» PROBLEM STATEMENT
Set down, please, the line that contains "Mua Tranh sơn" and every line that follows it to the end of the records, exactly; do not include pictures.

+++ INFORMATION SHOWN +++

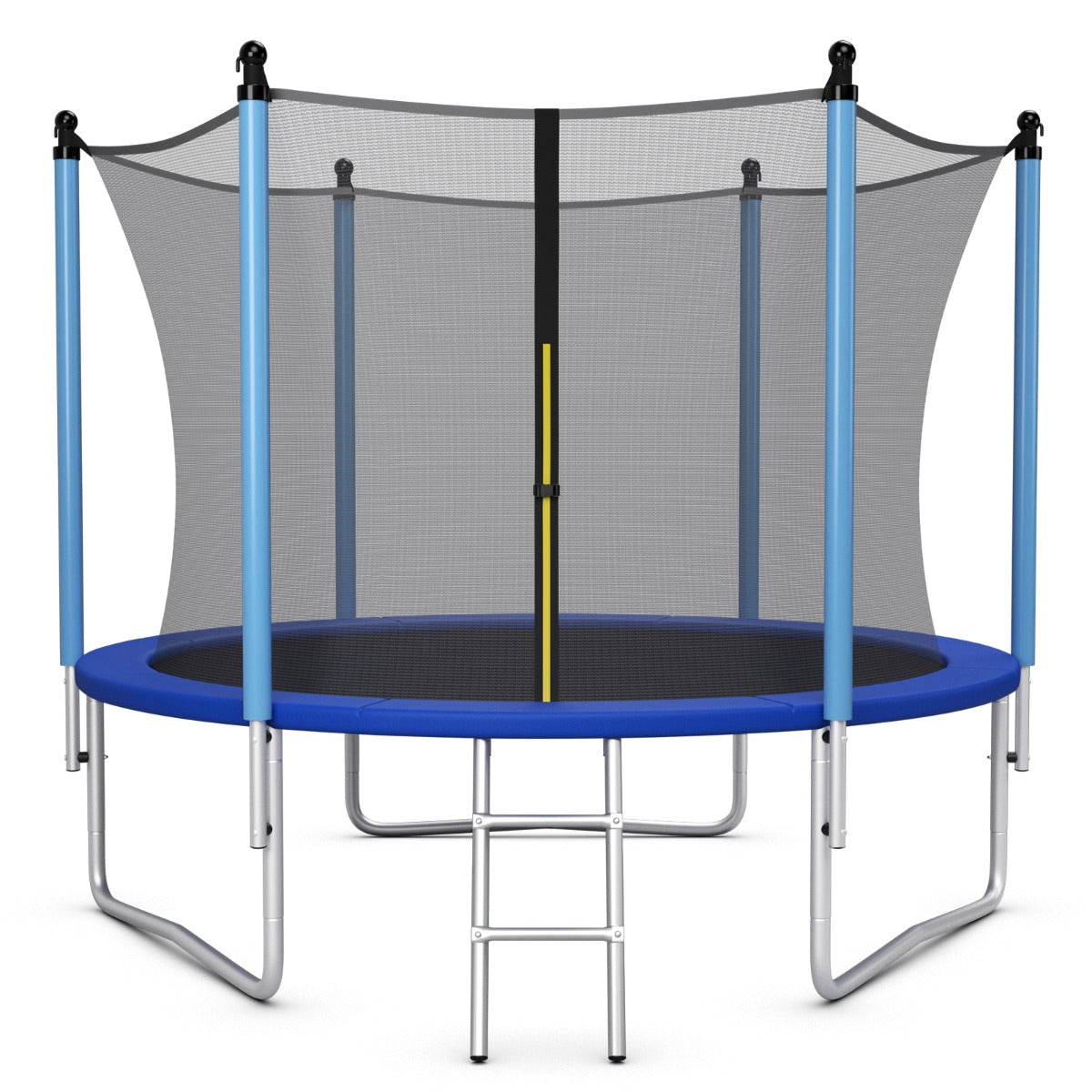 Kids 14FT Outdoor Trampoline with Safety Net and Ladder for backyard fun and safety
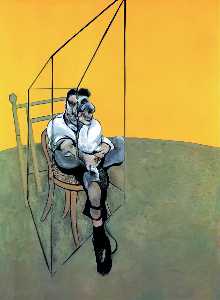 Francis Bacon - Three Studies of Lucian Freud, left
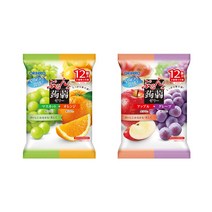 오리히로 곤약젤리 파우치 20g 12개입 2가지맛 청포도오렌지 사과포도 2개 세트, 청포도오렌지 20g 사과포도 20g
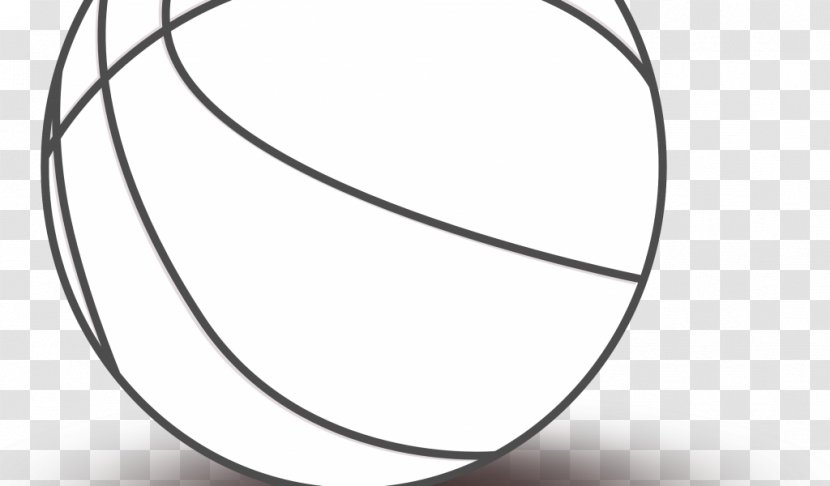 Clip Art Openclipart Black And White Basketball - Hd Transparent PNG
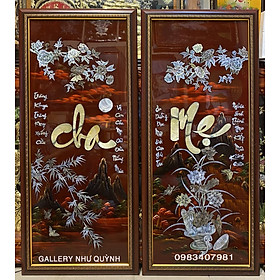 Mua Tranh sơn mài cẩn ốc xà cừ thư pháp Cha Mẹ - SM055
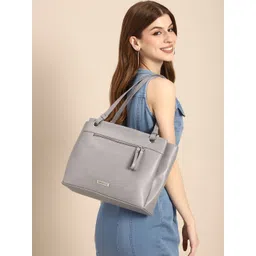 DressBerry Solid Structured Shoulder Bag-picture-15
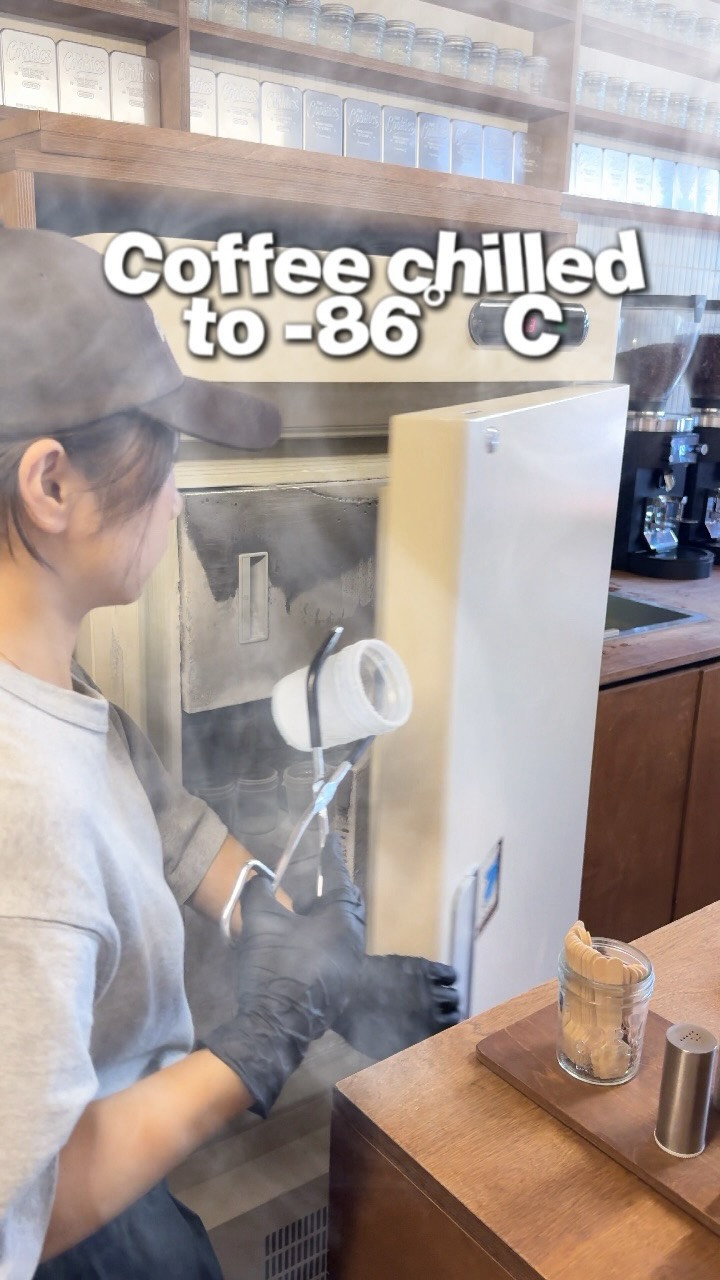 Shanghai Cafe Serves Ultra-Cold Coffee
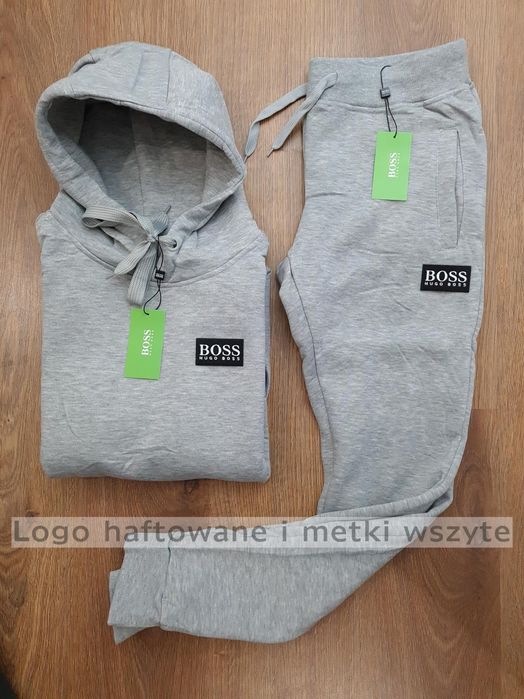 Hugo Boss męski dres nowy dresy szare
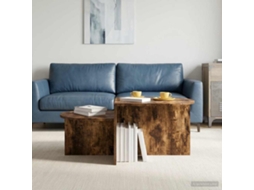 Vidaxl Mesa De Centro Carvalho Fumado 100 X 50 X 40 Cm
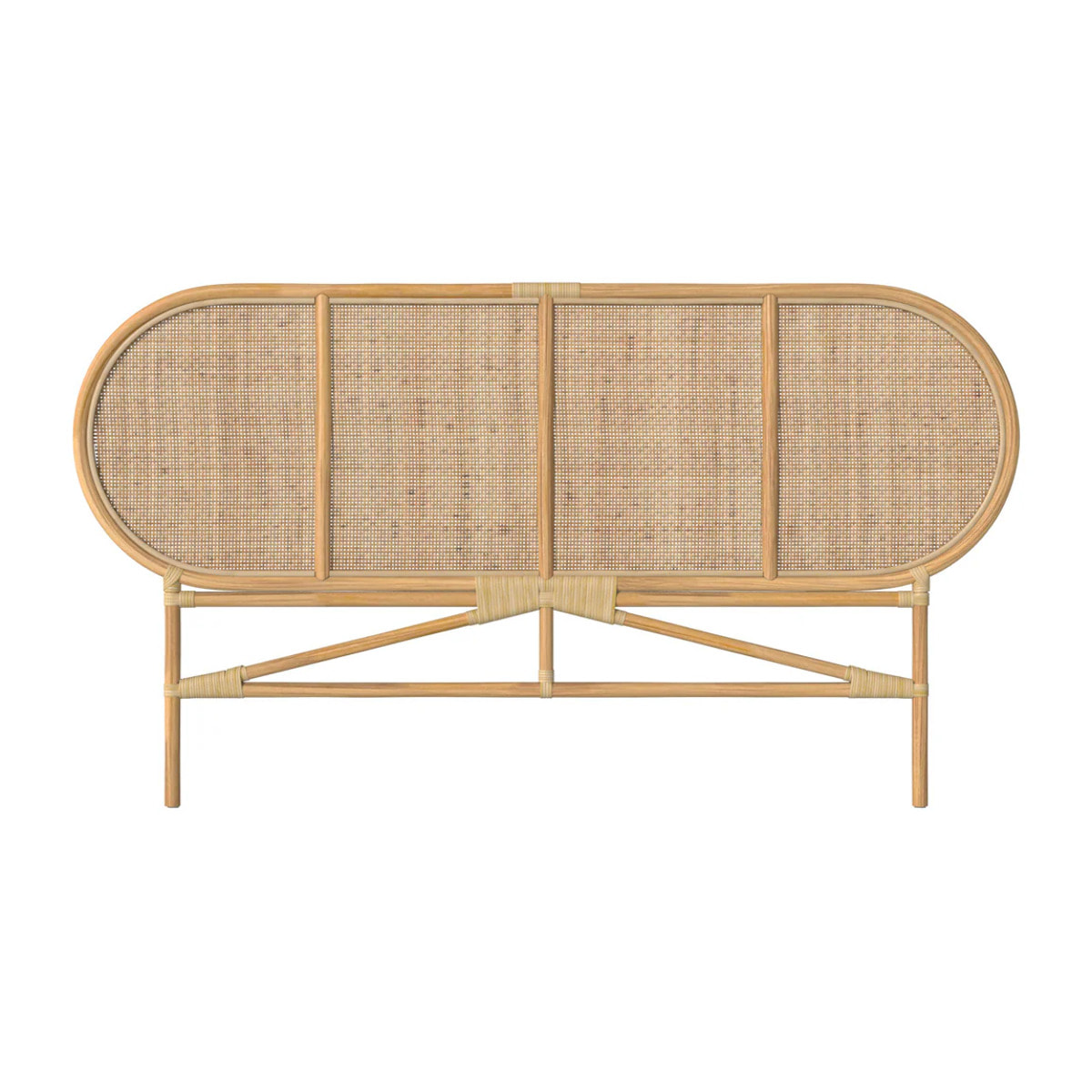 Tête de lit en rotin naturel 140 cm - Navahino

+++

» EXERCISE RESPONSE
 Mua Tranh sơn mài cẩn ốc xà cừ thư pháp Cha Mẹ - SM055
 DressBerry Solid Structured Shoulder Bag-picture-15
 Shanghai Cafe Serves Ultra-Cold Coffee
 Hugo Boss męski dres nowy dresy szare
 Vidaxl Mesa De Centro Carvalho Fumado 100 X 50 X 40 Cm
 Tête de lit en rotin naturel 140 cm - Navahino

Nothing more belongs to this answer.